The 62 per cent rise in housing costs for middle-income areas compared unfavourably with 54 per cent for affluent areas and 48per cent for low-income areas.
The figures were supported by new ABS data contained in the publication Australian Social Trends 2008, which revealed that the average amount committed to a mortgage in the ACT by first-home buyers was the largest in the country.
On average, first-home buyers in the ACT last March committed $234,000, while their Tasmanian counterparts spent the lowest amount $155,000.
Though house values continued to rise, the average mortgage debt for first-home buyers doubled to $213,000 in the 10 years to 2005-06.
Rental pain is also being felt around the country, with the findings of the Australian Property Monitors' June quarter rental survey, issued today, showing double-digit rent increases in most big cities over the past 12 months, with the biggest rises in Perth and Sydney.
In the year to June, Perth units soared by 25 per cent to a median $350 a week. In Sydney they jumped 11 per cent to $400 a week. To rent a house in Sydney now costs a median $420 a week (an increase of 15 per cent in the past year), while in Perth median house rents increased 17 per cent to $350 a week.

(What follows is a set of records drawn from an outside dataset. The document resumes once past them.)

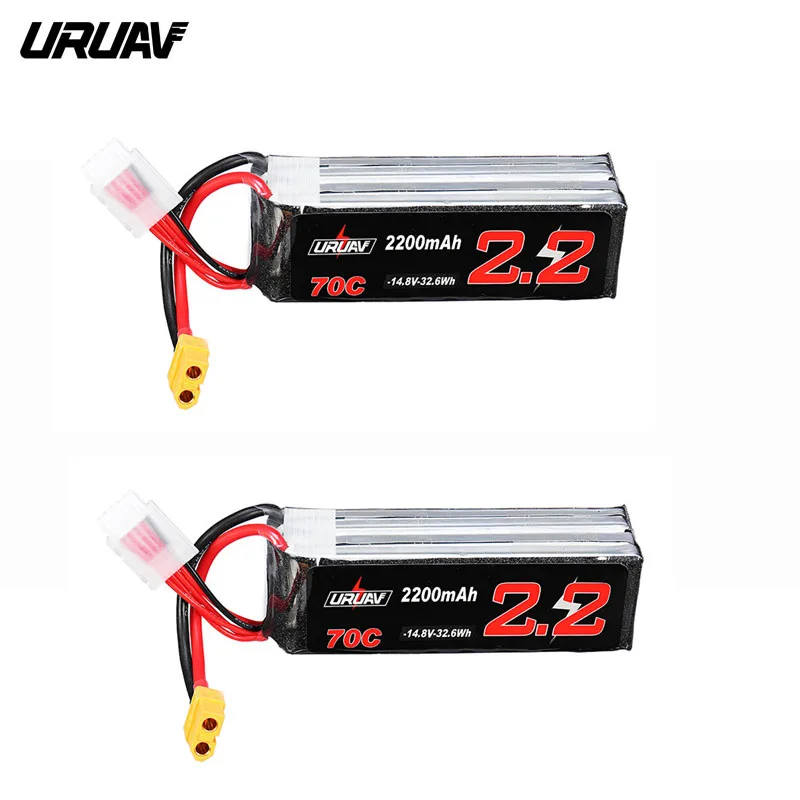 

URUAV 14.8V 2200mAh 70C 4S Lipo Battery XT60 Plug for Fury Wing Airplane Feilun FT011 RC Drone Multicopter FPV Part Accs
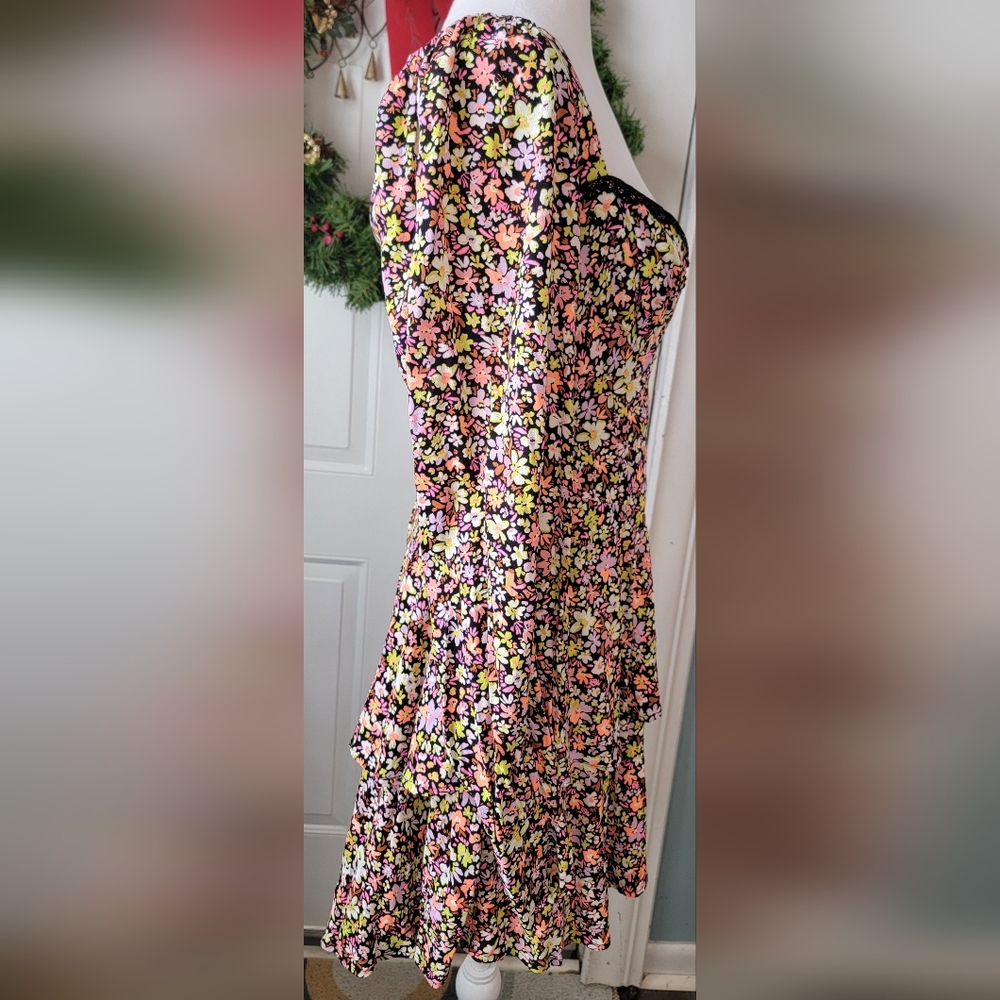 AFRM Modesto Sweetheart Long Sleeve Mini Dress Womens M Black Multi Neon Floral - Picture 6 of 16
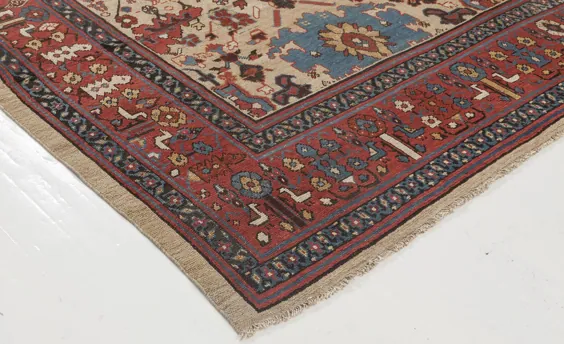 فرش پشمی قرمز ، آبی ، قهوه ای و بژ ایرانی (اندازه تنظیم شده) BB1107 توسط DLB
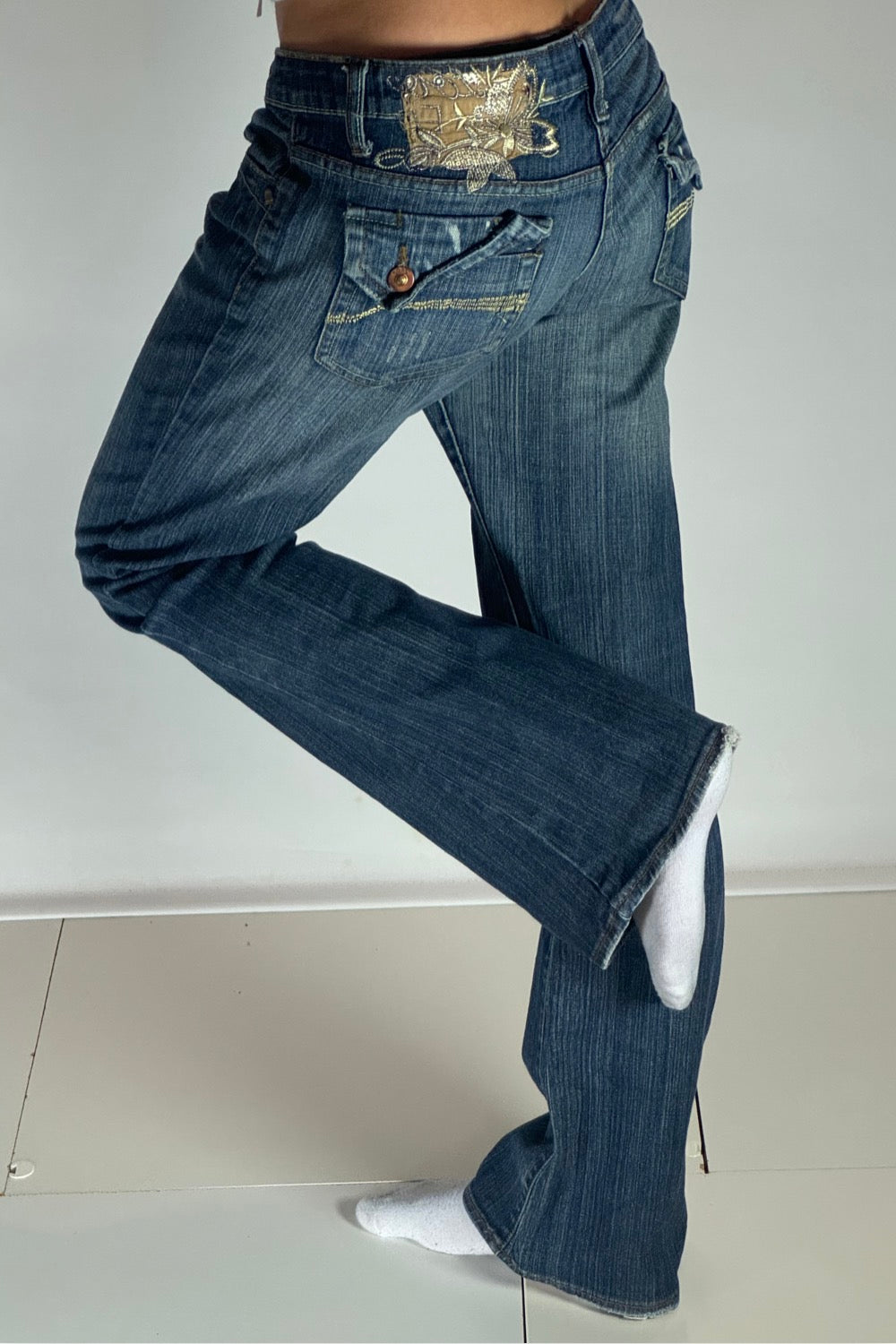 Lågmidjade jeans–stl: S/M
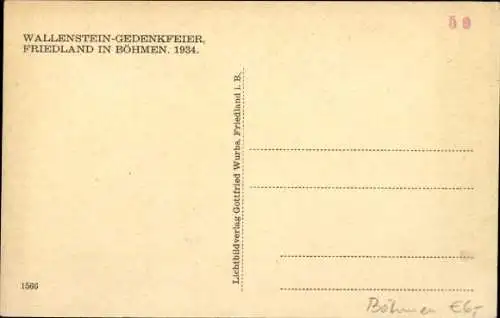 Ak Frýdlant v Čechách Friedland in Böhmen Reg. Reichenberg, Wallenstein-Gedenkfeier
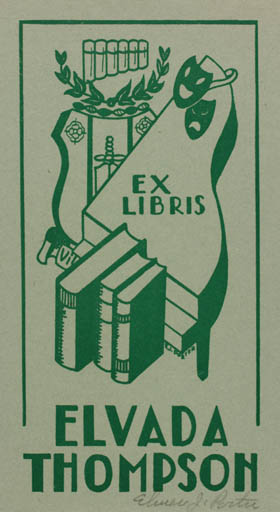 Exlibris by Elmar J Porter from USA for Elvada Thompson - Book Music 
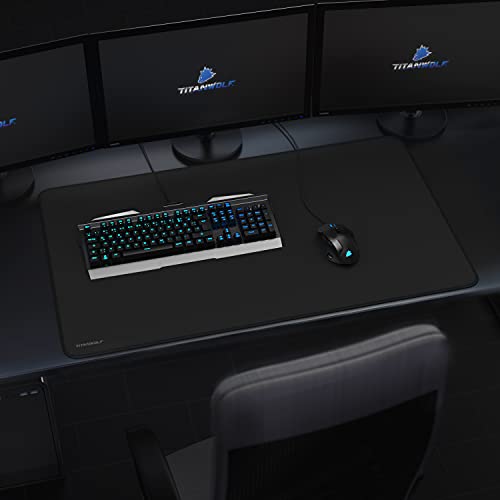 TITANWOLF - Übergröße Mauspad Gaming 1000x600mm - XXXL Mousepad groß mit Motiv - Tischunterlage Large Size - verbessert Präzision und Geschwindigkeit - XXL - schwarz Bild 5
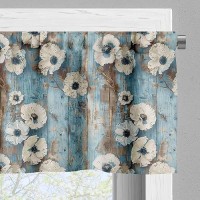 Ambesonne Floral Valance Tier Curtain 3 Pcs Set Vintage Weathered Paint Of Poppy Flowers On Vertical Wooden Planks Window Tr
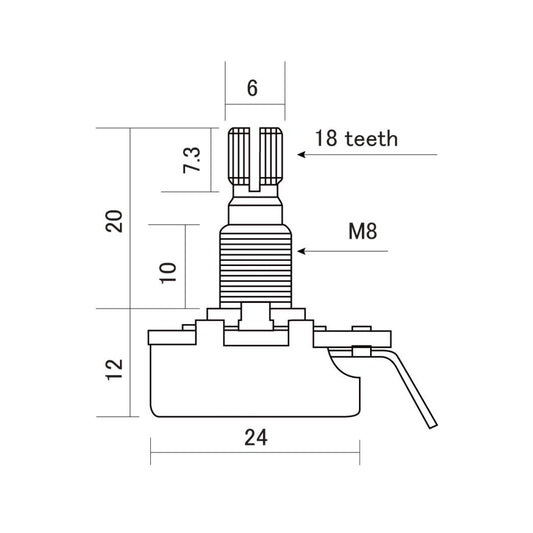 Alpha - 500K Audio Taper Pot - 24mm - Split-Shaft - Dimension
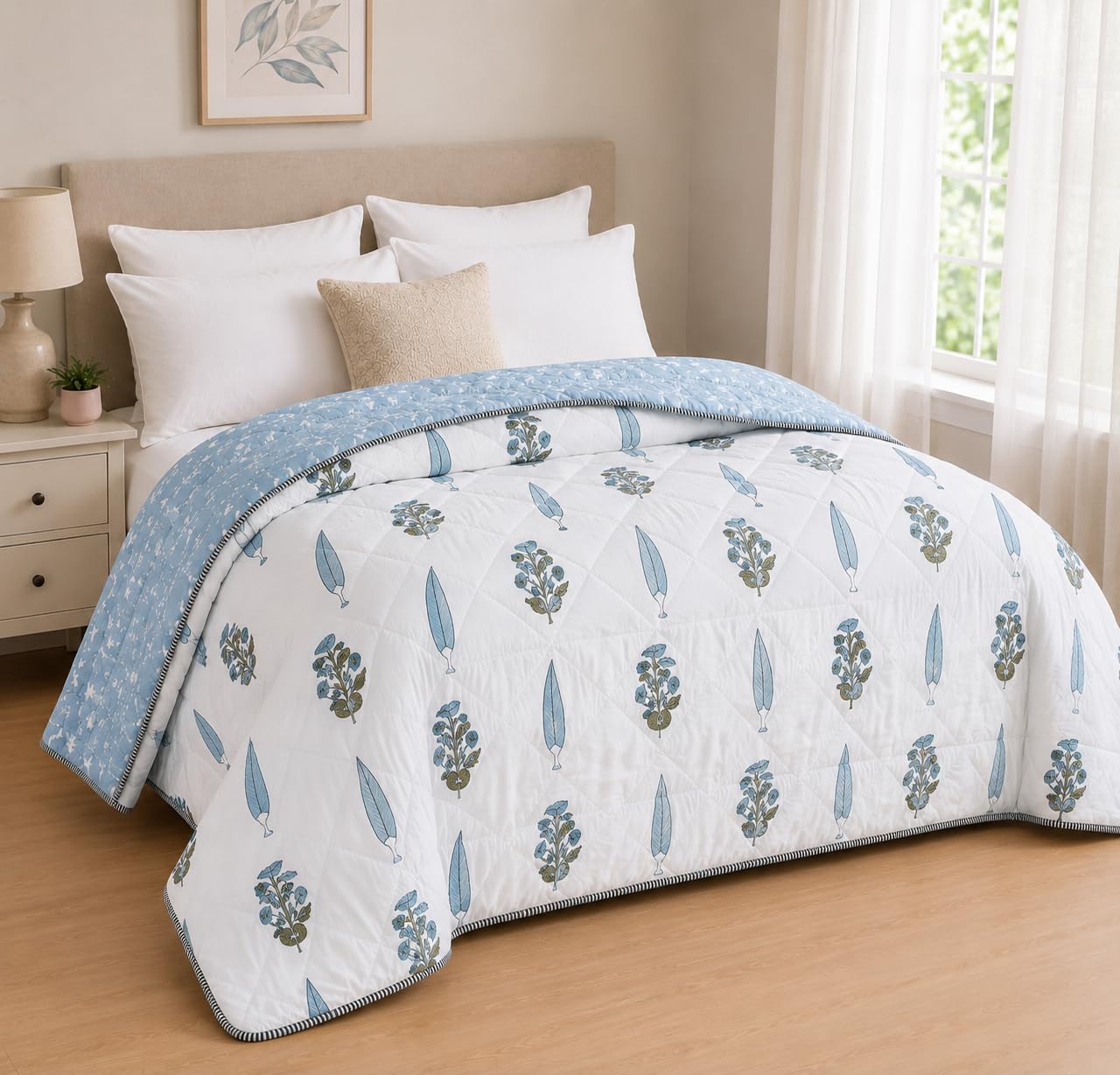 COZY FURNISH Cotton Jaipuri Comforter for Double Bed | Floral Print Lightweight Rajai | 200 GSM AC Quilt | Soft Breathable Summer Quilt | Pack of 1-image-20
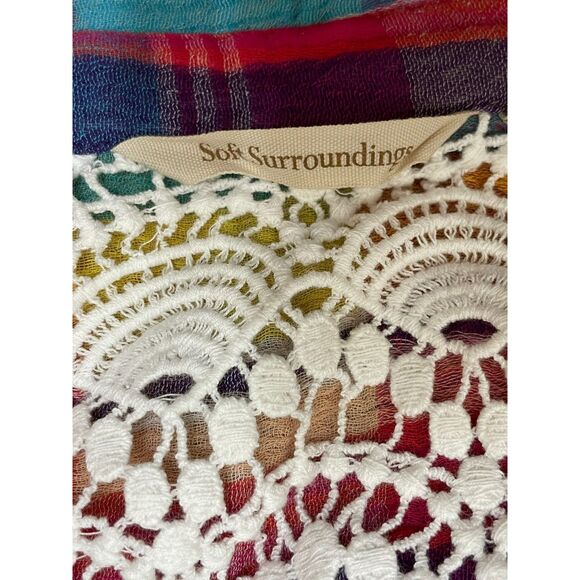 Soft Surroundings Women's Blue M Button-Up Cotton Tunic Shirt Plaid Boho Casual - Picture 3 of 10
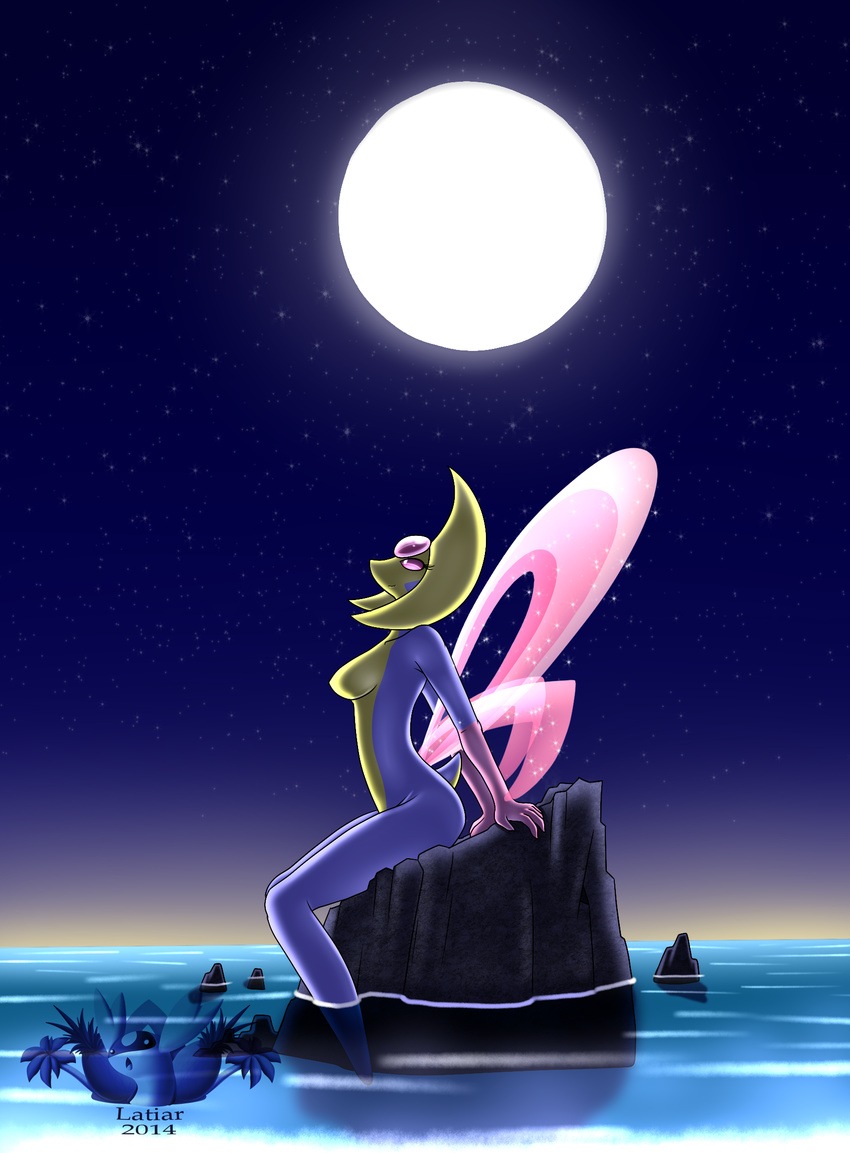 2014 anthro anthrofied breasts cresselia digital_media_(artwork) female latiar moon night nintendo nude outside pink_eyes pok&eacute;mon pok&eacute;morph side_view sitting smile solo star translucent_wings video_games water wings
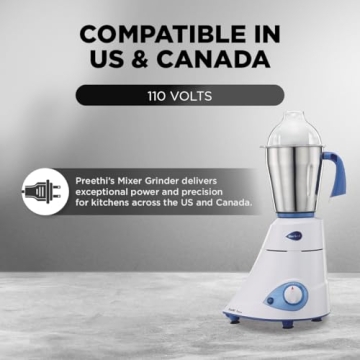 Preethi Blue Leaf Platinum 550W Mixer Grinder for Indian Cooking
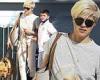 Selma Blair keeps it casual in an white outfit as she grabs an iced coffee with ...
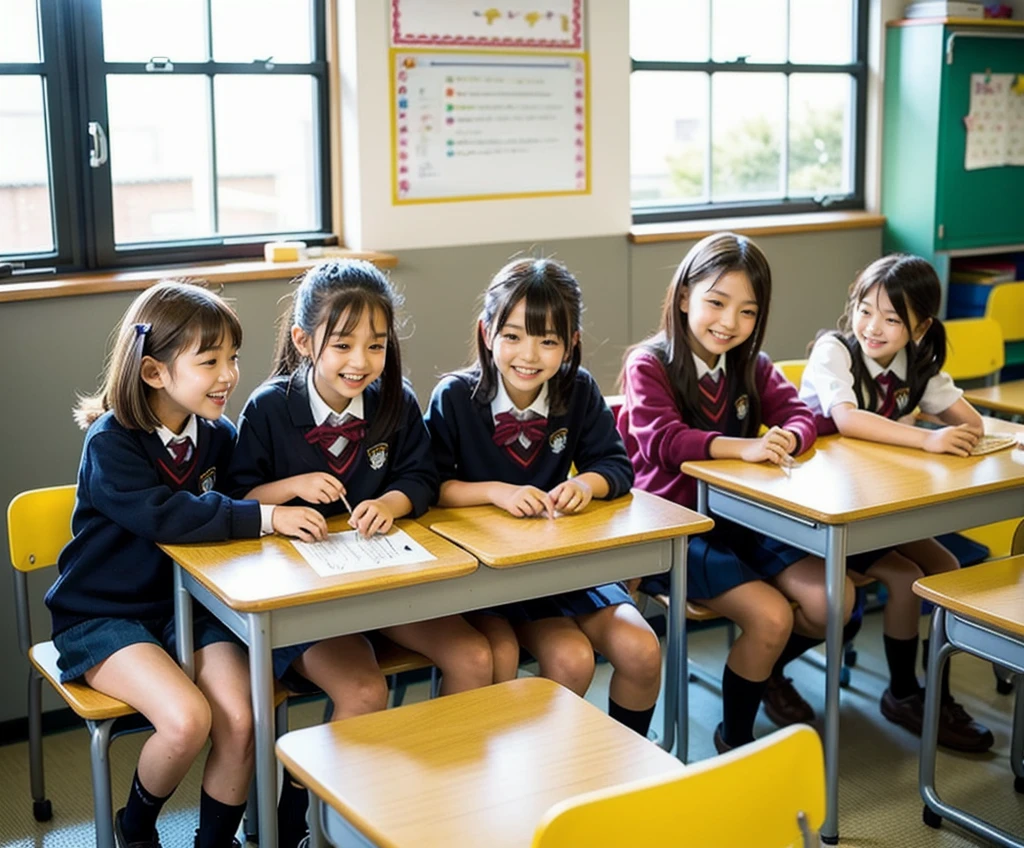 Japan，In elementary school classrooms，real natural light，Three elementary school girls，Playing in the classroom，ssmile，Happy and lively play，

Canberra's median weekly house rents for the quarter stood at $410 a week, an annual rise of 5 per cent. The median weekly rent for units in Canberra was $385, an increase of 10 per cent in the past year.
The ABS data also revealed that the ACT recorded the country's second highest increase in house prices about 60 per cent over the three years from 2003-04 to 2006-07.
Perth recorded the biggest rise, at 93 per cent.
The rising cost of housing and living means that, in effect, Canberrans experienced real wage growth of only 3.5 per cent between 2001 and 2006 even though incomes grew by more than 30 per cent.
But the increase in wages after cost-of-living expenses still exceeded rises in Sydney and Melbourne about 1.5 per cent in each city.
According to NATSEM data, families were also squeezed by rises in fuel, food, education and child-care costs.
NATSEM's principal research fellow Robert Tanton said the research report revealed the existence of ''two Australias'' mining and non-mining regions.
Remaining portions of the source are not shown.